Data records
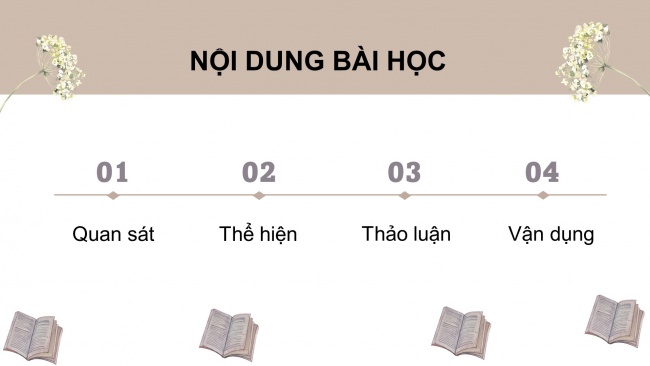 Soạn giáo án điện tử Mĩ thuật 8 KNTT Bài 2: Một số dạng bố cục trong tranh sinh hoạt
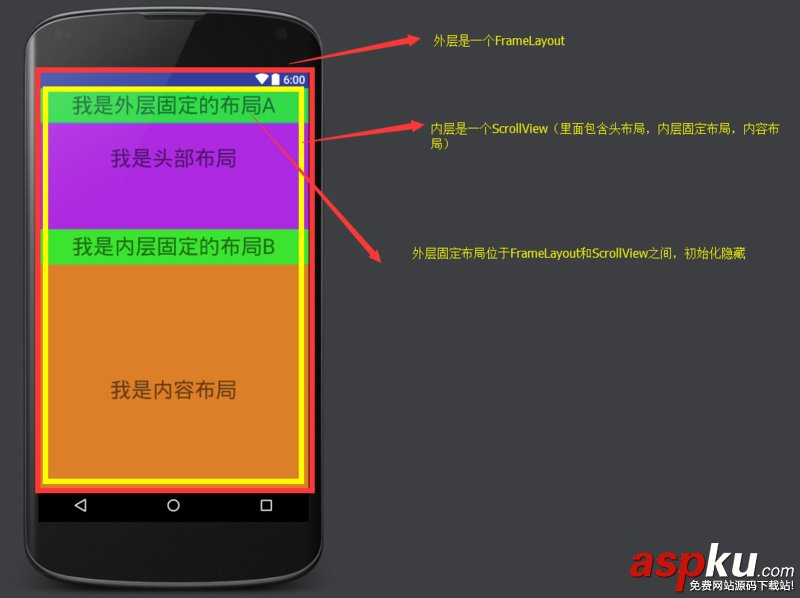 android,滑动顶部固定,android仿微博详情页,android顶栏滑动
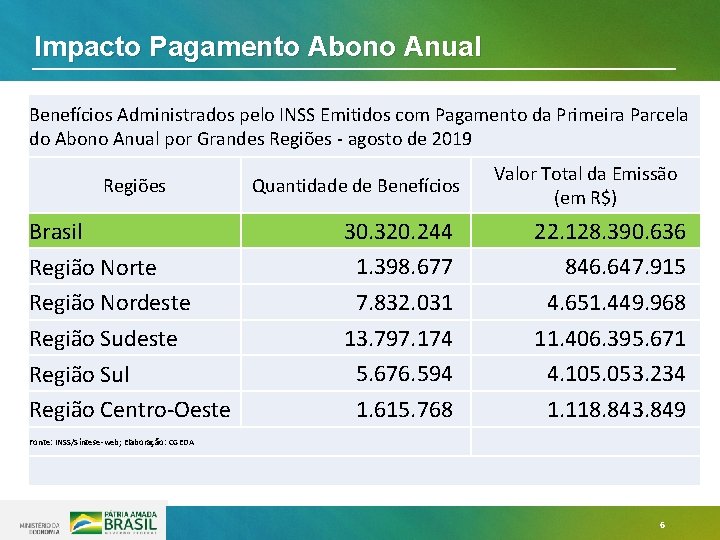 Impacto Pagamento Abono Anual Benefícios Administrados pelo INSS Emitidos com Pagamento da Primeira Parcela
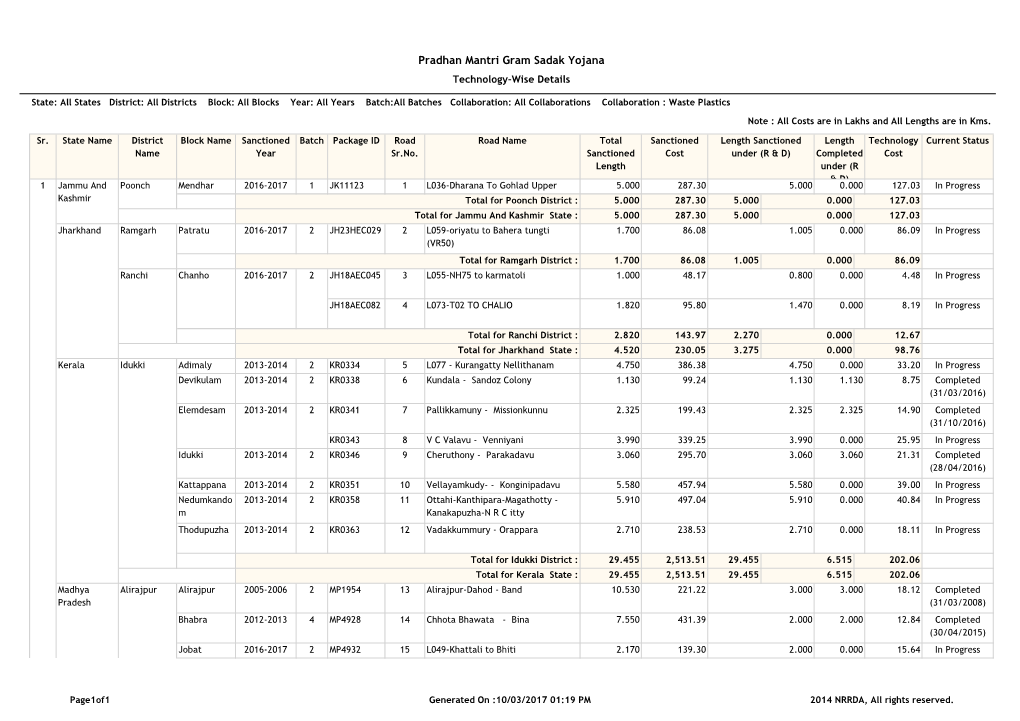 Pradhan Mantri Gram Sadak Yojana Technology-Wise Details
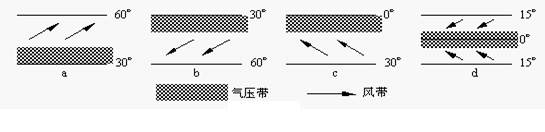 当我国各地白昼时间最长时,图七中四幅图所示气压带,风带分布正确的是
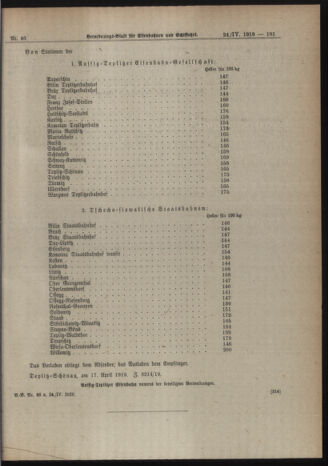 Verordnungs-Blatt für Eisenbahnen und Schiffahrt: Veröffentlichungen in Tarif- und Transport-Angelegenheiten 19190424 Seite: 7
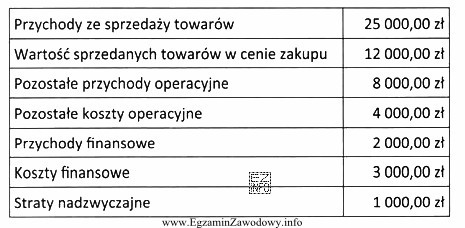 W oparciu o przedstawione dane z rachunku zysków i 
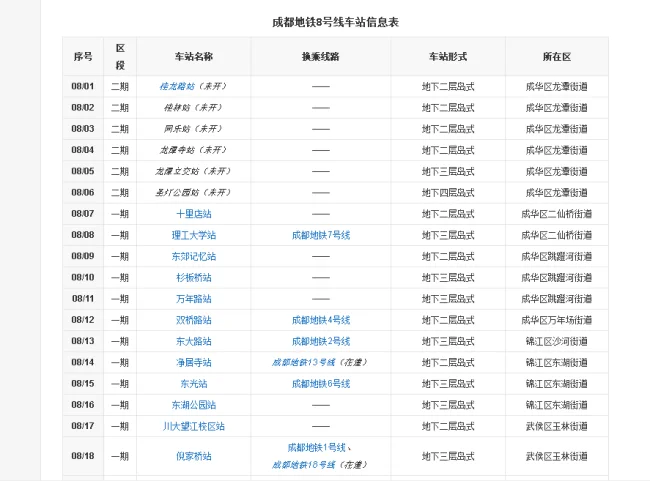 成都地铁七号线站名(成都地铁7号线改名)6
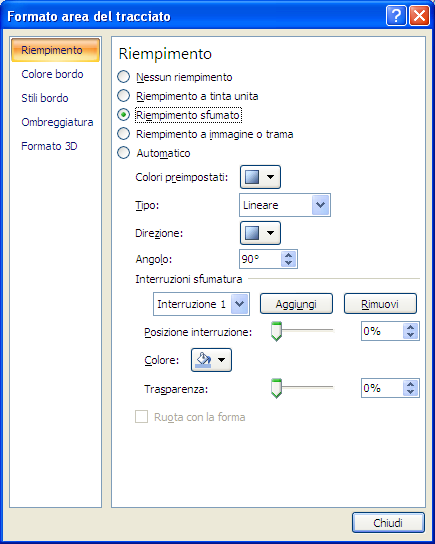 G. Pettarin Spreadsheet Modulo 4 - Nuova ECDL Opzioni di riempimento Con l opzione Automatico si applicano le impostazioni predefinite per lo sfondo.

◆ WORK REQUEST: Retype exactly the lines from the one containing "成都地铁七号线站名(成都地铁7号线改名)6" through the last line of the records above, both included, and leave out any pictures.

◆ SOLUTION TO THE EXERCISE:
 成都地铁七号线站名(成都地铁7号线改名)6
 G. Pettarin Spreadsheet Modulo 4 - Nuova ECDL Opzioni di riempimento Con l opzione Automatico si applicano le impostazioni predefinite per lo sfondo.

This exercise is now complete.